When you want something, you tell the GM either which Method you’re using to get it, or which Attribute you’re relying on to succeed. In return, the GM tells you which Attribute you’re relying on or which Method you’re using.
Use Ready when relying on your character’s preparation, whether that’s getting equipment or gathering intelligence. Use Willing when making a personal sacrifice, or acting against your conscience. Use Able when relying on personal abilities or supernatural powers.
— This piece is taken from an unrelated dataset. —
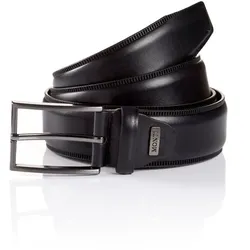 Ledergürtel MONTI "PORTLAND", Damen, Gr. 90, schwarz, Rindsleder, unifarben, casual,klassisch, Gürtel, aus strapazierfähigen und langlebigen Vollrindsleder leicht bombiert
There is no specific Method for “Combat” or “Killing.” You’ll have to work with that.1
If you want some extra dice before the roll, you can spend your Humanity dice. To add to Ready, you must have done a bad thing. To add to Willing, your action must have inevitable bad consequences. To add to Able, you must be doing a bad thing. The GM defines “Humanity” and “bad.” 2
Cross reference the Attribute and the Method to find out how many dice you roll. So if you’ve got a Sneak + Able of 3, roll 3 dice. Find the highest die, then look at this table:
Highest Die |
Result |
6 | You succeed and receive an additional benefit from your success. Gain 2 Edge dice. |
5 | You succeed. Gain 1 Edge die. |
4 | You succeed but suffer some complication. |
3 | You fail but there’s a silver lining. |
2 | You fail. |
1 | You fail and something truly dire happens. |
The other way to get Edge dice is a Danger roll. Maybe I’ll explain those later.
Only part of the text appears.